When receiving a push, we advertise ref tips from any
alternate repositories, in case that helps the client send a
smaller pack. Since these refs don't actually exist in the
destination repository, we don't transmit the real ref
names, but instead use the pseudo-ref ".have".

If your alternate has a large number of duplicate refs (for
example, because it is aggregating objects from many related
repositories, some of which will have the same tags and
branch tips), then we will send each ".have $sha1" line
multiple times. This is a pointless waste of bandwidth, as
we are simply repeating the same fact to the client over and
over.

This patch eliminates duplicate .have refs early on. It does
so efficiently by sorting the complete list and skipping
duplicates. This has the side effect of re-ordering the
.have lines by ascending sha1; this isn't a problem, though,
as the original order was meaningless.

There is a similar .have system in fetch-pack, but it
does not suffer from the same problem.
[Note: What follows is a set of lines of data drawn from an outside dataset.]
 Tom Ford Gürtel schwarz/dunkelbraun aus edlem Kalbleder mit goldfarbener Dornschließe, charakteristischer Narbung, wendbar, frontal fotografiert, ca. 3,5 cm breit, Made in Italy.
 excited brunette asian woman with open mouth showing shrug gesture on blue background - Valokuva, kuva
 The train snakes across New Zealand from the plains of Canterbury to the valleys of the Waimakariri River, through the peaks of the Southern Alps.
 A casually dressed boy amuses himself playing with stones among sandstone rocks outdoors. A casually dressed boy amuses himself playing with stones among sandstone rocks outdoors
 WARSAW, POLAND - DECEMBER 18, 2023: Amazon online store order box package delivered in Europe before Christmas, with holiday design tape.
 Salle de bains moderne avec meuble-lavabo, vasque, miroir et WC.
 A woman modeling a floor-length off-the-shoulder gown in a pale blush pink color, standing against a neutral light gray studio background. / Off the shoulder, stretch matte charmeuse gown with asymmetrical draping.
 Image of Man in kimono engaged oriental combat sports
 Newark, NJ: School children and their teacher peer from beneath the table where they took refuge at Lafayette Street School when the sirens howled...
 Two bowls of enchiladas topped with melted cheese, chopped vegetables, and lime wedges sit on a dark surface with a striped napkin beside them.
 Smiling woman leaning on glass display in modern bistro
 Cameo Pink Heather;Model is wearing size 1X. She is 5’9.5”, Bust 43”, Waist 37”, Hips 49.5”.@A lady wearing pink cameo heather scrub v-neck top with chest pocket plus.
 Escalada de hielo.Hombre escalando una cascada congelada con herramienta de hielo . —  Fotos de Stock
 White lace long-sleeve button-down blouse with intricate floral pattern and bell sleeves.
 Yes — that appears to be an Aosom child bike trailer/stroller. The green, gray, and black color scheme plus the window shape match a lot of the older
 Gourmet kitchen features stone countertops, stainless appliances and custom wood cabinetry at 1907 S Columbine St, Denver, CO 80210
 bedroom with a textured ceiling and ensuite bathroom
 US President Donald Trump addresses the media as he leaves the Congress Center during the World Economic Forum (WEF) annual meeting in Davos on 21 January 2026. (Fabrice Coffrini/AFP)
For each alternate
ref we consider in fetch-pack, we actually open the object
and mark it with the SEEN flag, so duplicates are
automatically culled.

Signed-off-by: Jeff King <peff@peff.net>
---
 builtin/receive-pack.c |   16 +++++++++++++---
 sha1-array.c           |   16 ++++++++++++++++
 sha1-array.h           |    6 ++++++
 3 files changed, 35 insertions(+), 3 deletions(-)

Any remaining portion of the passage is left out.